Women’s World Organization for Rights, Literature, and Development, or Women’s WORLD, campaigns to have women’s voices heard with the same respect as men’s, campaigning in particular against gender-based censorship.

Activities

Women’s WORLD will undertake work in the following areas:

  • research, explore, and educate the public about the scope and prevalence of gender-based censorship, and work to have this problem redefined as a human rights abuse that violates the right to free expression of more than half the world’s population.
  • defend writers who are attacked because of their views on gender or because they are women who dare to write.
  • mount international press campaigns about particular cases and extreme abuses
  • encourage the development of women’s presses and journals, the first line of defense against gender-based censorship, and strive to link them internationally, so they can share views and resources and create a social space for women’s independent political thought.

History

The idea for Women’s WORLD grew out of protest at the organisation of the 48th Congress of International PEN in New York in 1986 where only 16 out of 117 speakers were women. Norman Mailer, then President of PEN American Center, explained that this was because 1) the speakers at this Congress had to be writers of real distinction; 2) other women writers had been invited but didn’t come; 3) the theme of the Congress was intellectual and, while plenty of women were writers, Susan Sontag was the only woman intellectual. Two hundred women responded in an impromptu protest meeting, called by Grace Paley and chaired by Meredith Tax, which took over the ballroom of the Essex House Hotel, drafted a petition, and demanded speakers at the plenary.

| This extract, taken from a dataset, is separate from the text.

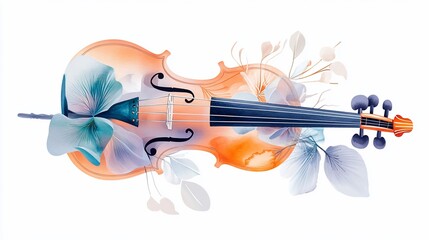 Artistic rendition of a violin intertwining with floral elements, showcasing harmony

Following the Congress, women active in the protest then organized a Women’s Committee within PEN American Center, with Paley and Tax as co-chairs. In subsequent years, the committee produced a number of excellent public events, saw many of its members elected to the board, and become acknowledged as a force for democracy and new ideas within PEN American Center. Between 1989 and 1994, different committees and conferences met in different cities around the world to discuss the role of gender, literature and free expression. In 1994, Paula Giddings, Ninotchka Rosca, and Meredith Tax incorporated the Women’s World Organization for Rights, Literature, and Development, or Women’ WORLD.